[[ Input for this task open ]]

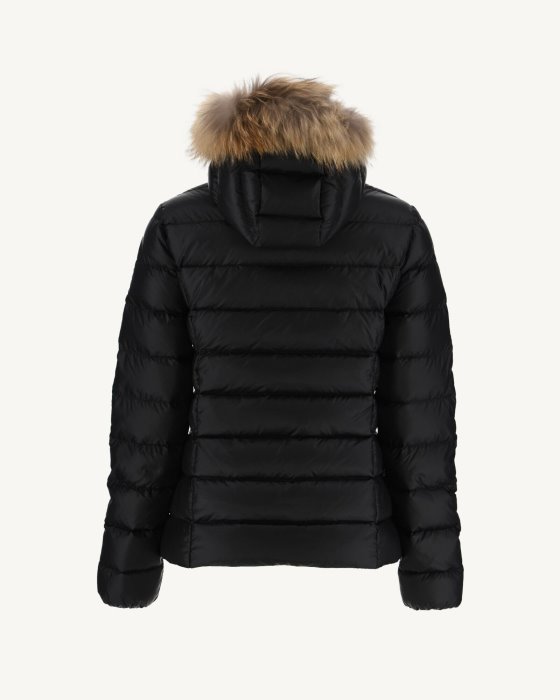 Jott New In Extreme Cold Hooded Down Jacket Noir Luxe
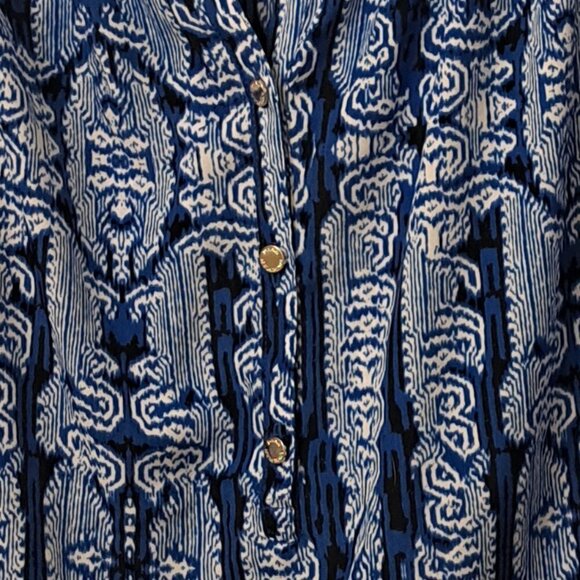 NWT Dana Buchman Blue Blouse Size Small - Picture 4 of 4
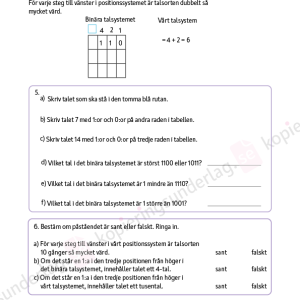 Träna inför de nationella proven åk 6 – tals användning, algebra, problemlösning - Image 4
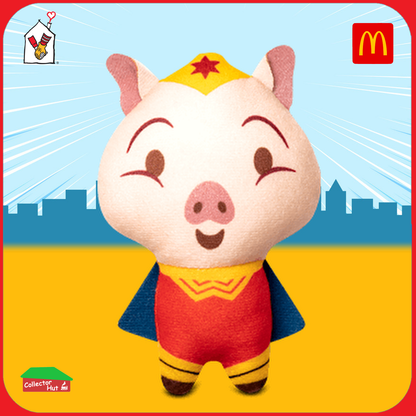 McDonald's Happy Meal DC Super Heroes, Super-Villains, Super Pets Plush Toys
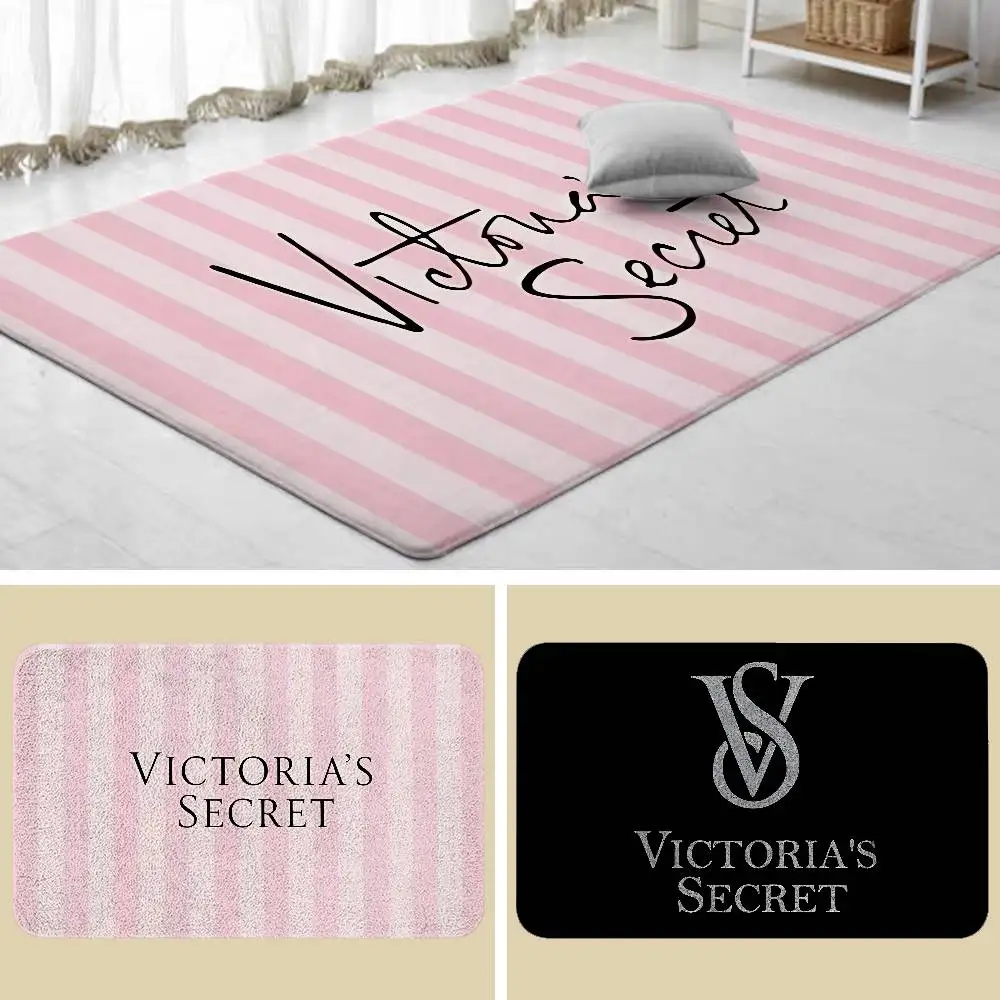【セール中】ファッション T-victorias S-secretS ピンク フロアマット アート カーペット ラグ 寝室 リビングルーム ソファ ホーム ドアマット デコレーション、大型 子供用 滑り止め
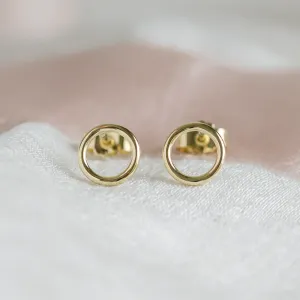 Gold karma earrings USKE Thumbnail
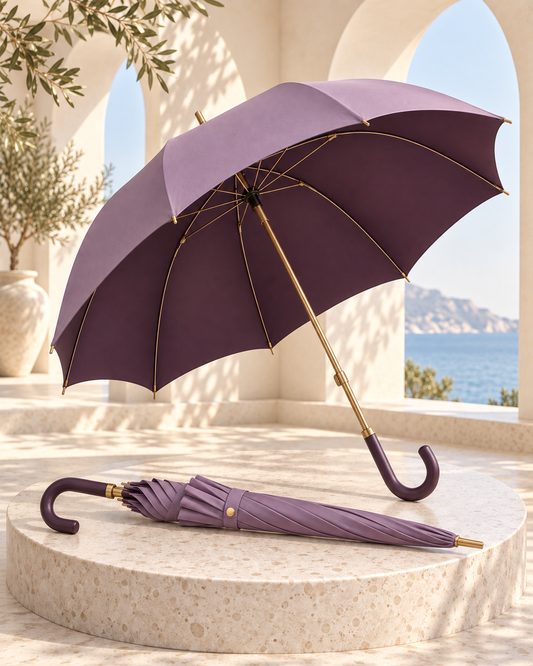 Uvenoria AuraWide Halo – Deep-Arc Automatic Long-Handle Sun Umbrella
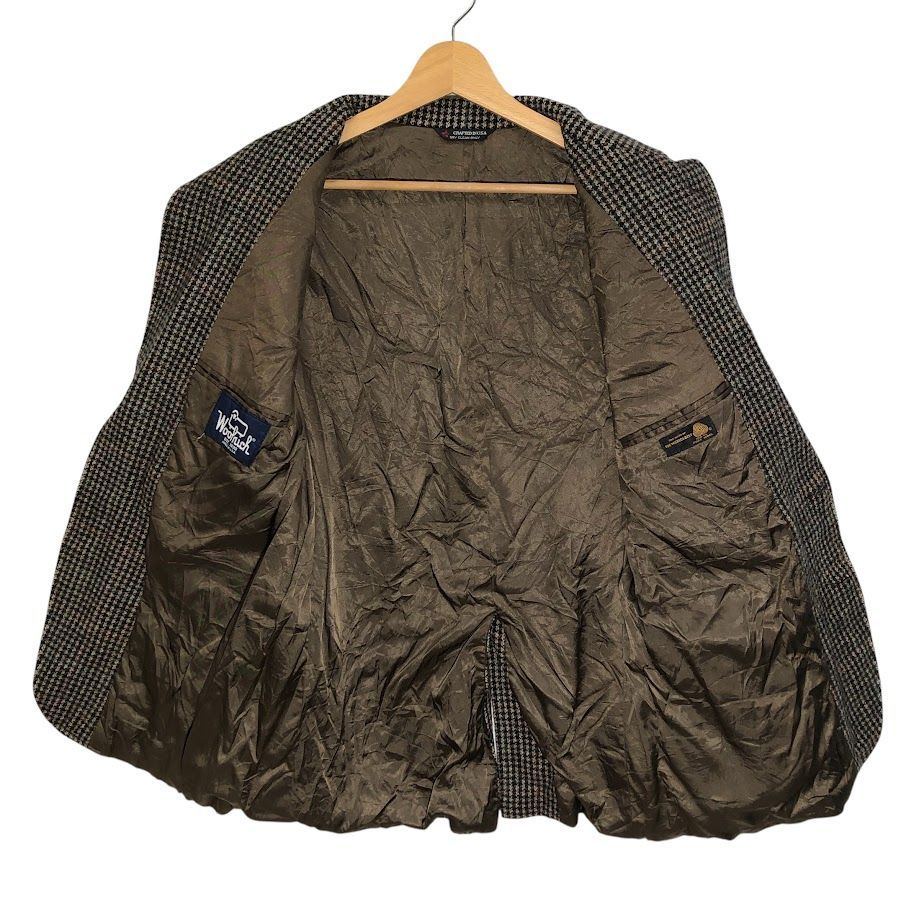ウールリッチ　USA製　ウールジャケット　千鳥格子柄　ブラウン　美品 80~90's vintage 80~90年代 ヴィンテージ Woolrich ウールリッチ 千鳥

[[ Input for this task closed ]]
[[ Input for this task open ]]

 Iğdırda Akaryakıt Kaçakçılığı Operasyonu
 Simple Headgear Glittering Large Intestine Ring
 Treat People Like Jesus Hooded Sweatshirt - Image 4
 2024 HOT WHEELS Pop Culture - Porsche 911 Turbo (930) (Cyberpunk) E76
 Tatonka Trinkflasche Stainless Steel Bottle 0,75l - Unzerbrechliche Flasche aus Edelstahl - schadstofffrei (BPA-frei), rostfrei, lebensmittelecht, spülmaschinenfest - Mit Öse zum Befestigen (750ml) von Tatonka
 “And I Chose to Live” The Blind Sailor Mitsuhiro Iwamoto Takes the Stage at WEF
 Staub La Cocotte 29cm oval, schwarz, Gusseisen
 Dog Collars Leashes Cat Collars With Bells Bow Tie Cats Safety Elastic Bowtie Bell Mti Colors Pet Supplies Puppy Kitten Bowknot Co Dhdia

[[ Input for this task closed ]]

# Instructions to follow
A verbatim transcription is needed of the lines above, starting at the line with "Tatonka Trinkflasche Stainless" and ending at the line with "Dog Collars Leashes", both included, and of nothing else.

# Exercise result
 Tatonka Trinkflasche Stainless Steel Bottle 0,75l - Unzerbrechliche Flasche aus Edelstahl - schadstofffrei (BPA-frei), rostfrei, lebensmittelecht, spülmaschinenfest - Mit Öse zum Befestigen (750ml) von Tatonka
 “And I Chose to Live” The Blind Sailor Mitsuhiro Iwamoto Takes the Stage at WEF
 Staub La Cocotte 29cm oval, schwarz, Gusseisen
 Dog Collars Leashes Cat Collars With Bells Bow Tie Cats Safety Elastic Bowtie Bell Mti Colors Pet Supplies Puppy Kitten Bowknot Co Dhdia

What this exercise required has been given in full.